Write out exactly the lines below starting at the one containing "Then we're going" and ending at the one containing "I'm gonna start with the". Omit every picture.

■ Extracted material:
◆ ◆ ◆ ◆ ◆ ◆ ◆

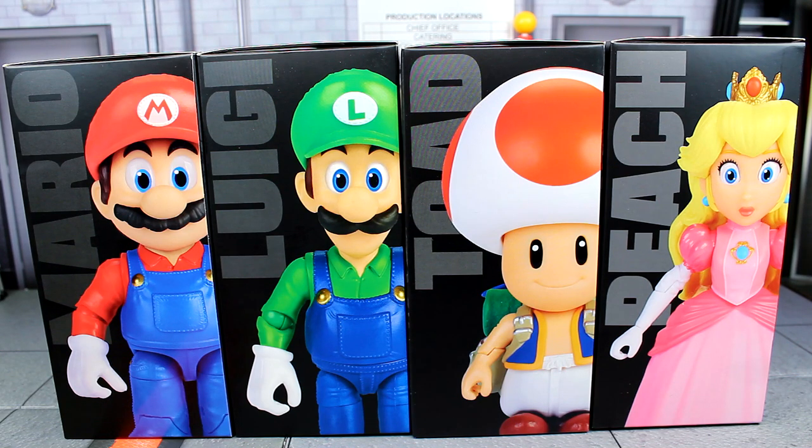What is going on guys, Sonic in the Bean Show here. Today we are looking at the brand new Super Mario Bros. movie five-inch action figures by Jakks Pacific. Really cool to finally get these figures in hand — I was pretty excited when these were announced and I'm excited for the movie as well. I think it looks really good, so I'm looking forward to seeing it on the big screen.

◆ ◆ ◆ ◆ ◆ ◆ ◆

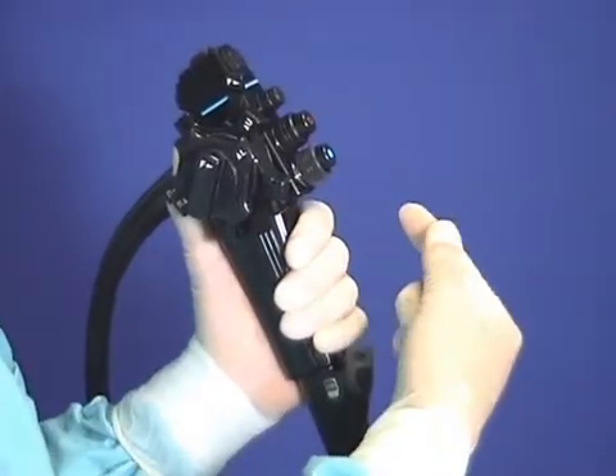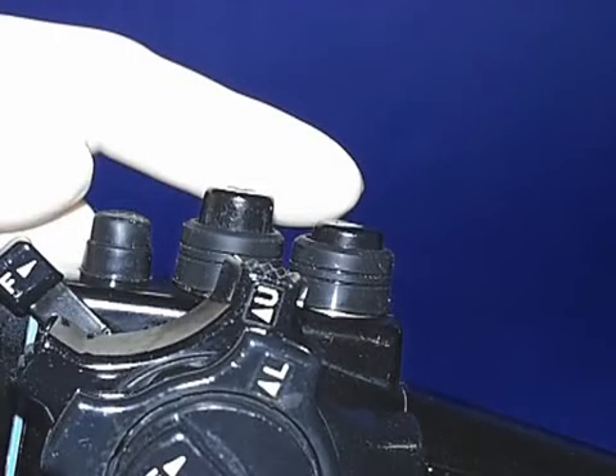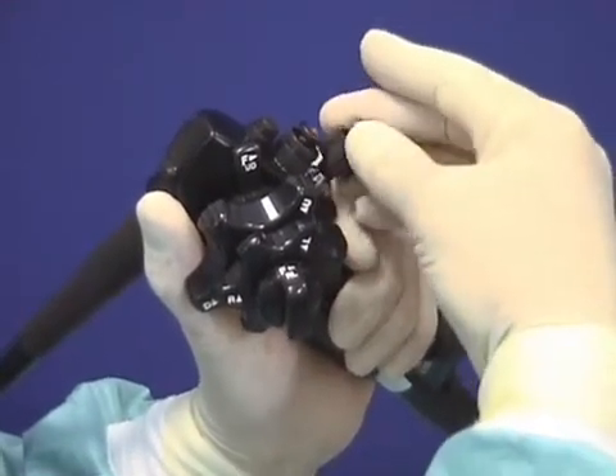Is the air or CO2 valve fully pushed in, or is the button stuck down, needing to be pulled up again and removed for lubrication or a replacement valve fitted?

◆ ◆ ◆ ◆ ◆ ◆ ◆

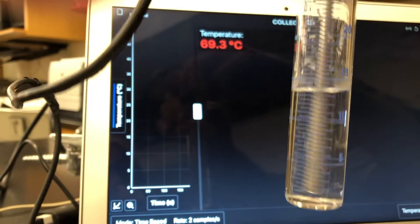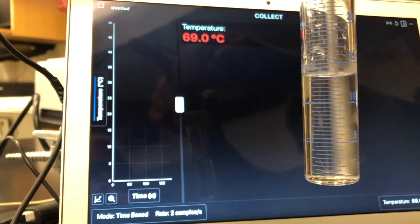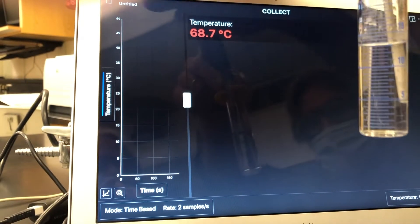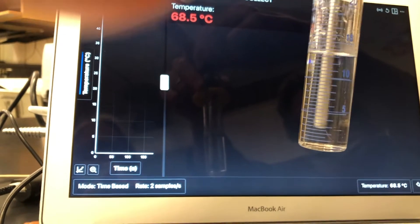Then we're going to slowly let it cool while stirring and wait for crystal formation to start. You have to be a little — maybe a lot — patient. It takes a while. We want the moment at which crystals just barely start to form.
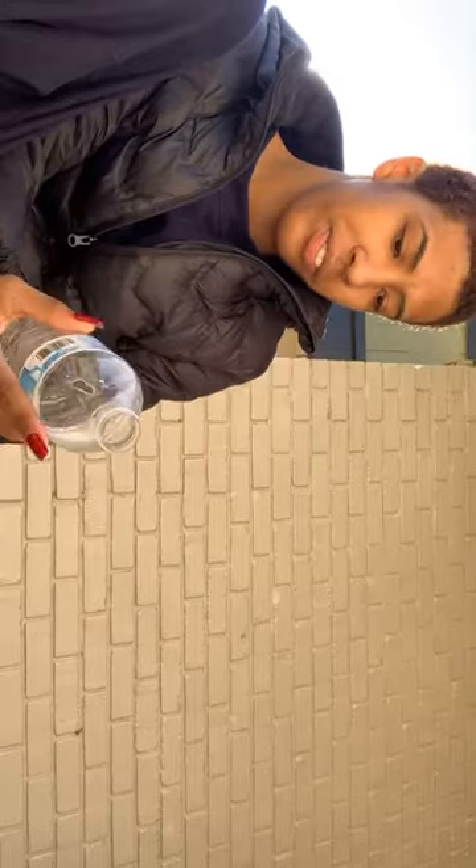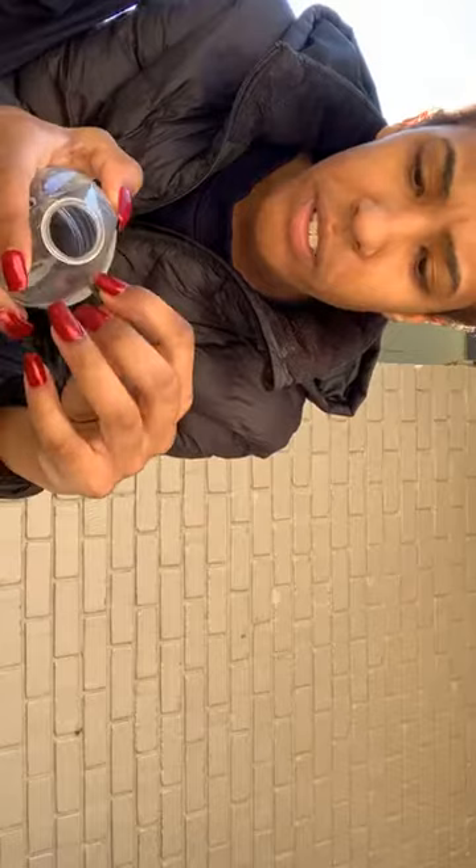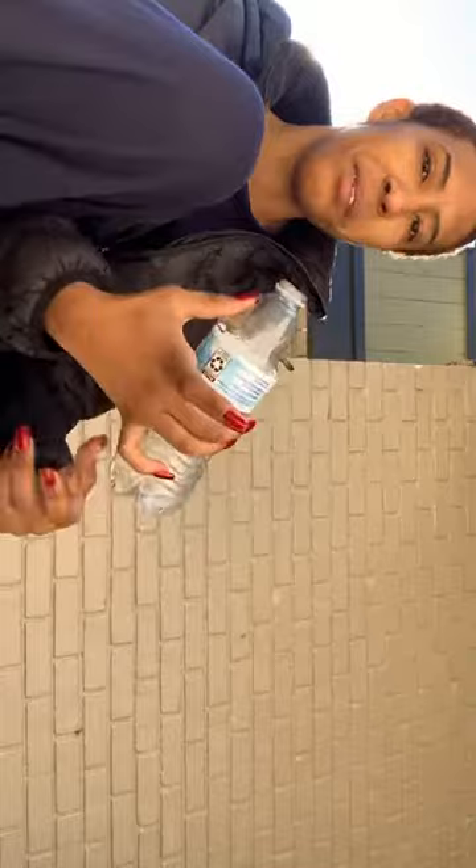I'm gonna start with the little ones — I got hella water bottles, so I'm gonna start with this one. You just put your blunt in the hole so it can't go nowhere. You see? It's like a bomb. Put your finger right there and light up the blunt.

◆ ◆ ◆ ◆ ◆ ◆ ◆

■ Written answer:
Then we're going to slowly let it cool while stirring and wait for crystal formation to start. You have to be a little — maybe a lot — patient. It takes a while. We want the moment at which crystals just barely start to form.
I'm gonna start with the little ones — I got hella water bottles, so I'm gonna start with this one. You just put your blunt in the hole so it can't go nowhere. You see? It's like a bomb. Put your finger right there and light up the blunt.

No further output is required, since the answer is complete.